═════ Data shown ═════
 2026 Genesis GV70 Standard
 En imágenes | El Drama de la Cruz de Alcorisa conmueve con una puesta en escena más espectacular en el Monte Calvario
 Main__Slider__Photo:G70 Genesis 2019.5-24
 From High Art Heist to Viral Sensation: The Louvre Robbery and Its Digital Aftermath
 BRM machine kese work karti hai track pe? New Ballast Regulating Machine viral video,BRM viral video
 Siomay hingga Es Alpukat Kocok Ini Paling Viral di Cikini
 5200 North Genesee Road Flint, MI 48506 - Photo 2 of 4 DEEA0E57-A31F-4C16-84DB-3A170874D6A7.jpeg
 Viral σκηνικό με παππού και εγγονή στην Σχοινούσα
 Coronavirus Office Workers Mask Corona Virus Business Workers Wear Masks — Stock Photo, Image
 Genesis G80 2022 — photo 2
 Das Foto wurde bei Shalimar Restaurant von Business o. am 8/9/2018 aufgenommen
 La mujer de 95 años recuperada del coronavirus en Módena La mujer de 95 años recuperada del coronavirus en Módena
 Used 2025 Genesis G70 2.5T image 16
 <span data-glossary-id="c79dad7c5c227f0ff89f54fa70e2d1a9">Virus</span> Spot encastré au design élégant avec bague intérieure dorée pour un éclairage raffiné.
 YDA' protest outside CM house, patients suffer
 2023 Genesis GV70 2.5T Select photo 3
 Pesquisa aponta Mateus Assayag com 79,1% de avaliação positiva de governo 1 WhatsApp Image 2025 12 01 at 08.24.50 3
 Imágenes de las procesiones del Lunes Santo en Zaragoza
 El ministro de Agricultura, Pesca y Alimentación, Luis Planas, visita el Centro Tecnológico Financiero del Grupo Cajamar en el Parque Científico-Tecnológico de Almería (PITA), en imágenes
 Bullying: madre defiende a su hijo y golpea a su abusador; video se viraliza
═════
The task |
Could you write out, exactly as they stand, only the lines above that begin at the line with "5200 North Genesee" and stop after the line with "Used 2025 Genesis G70 2.5T image 16"?

Answer for this exercise |
 5200 North Genesee Road Flint, MI 48506 - Photo 2 of 4 DEEA0E57-A31F-4C16-84DB-3A170874D6A7.jpeg
 Viral σκηνικό με παππού και εγγονή στην Σχοινούσα
 Coronavirus Office Workers Mask Corona Virus Business Workers Wear Masks — Stock Photo, Image
 Genesis G80 2022 — photo 2
 Das Foto wurde bei Shalimar Restaurant von Business o. am 8/9/2018 aufgenommen
 La mujer de 95 años recuperada del coronavirus en Módena La mujer de 95 años recuperada del coronavirus en Módena
 Used 2025 Genesis G70 2.5T image 16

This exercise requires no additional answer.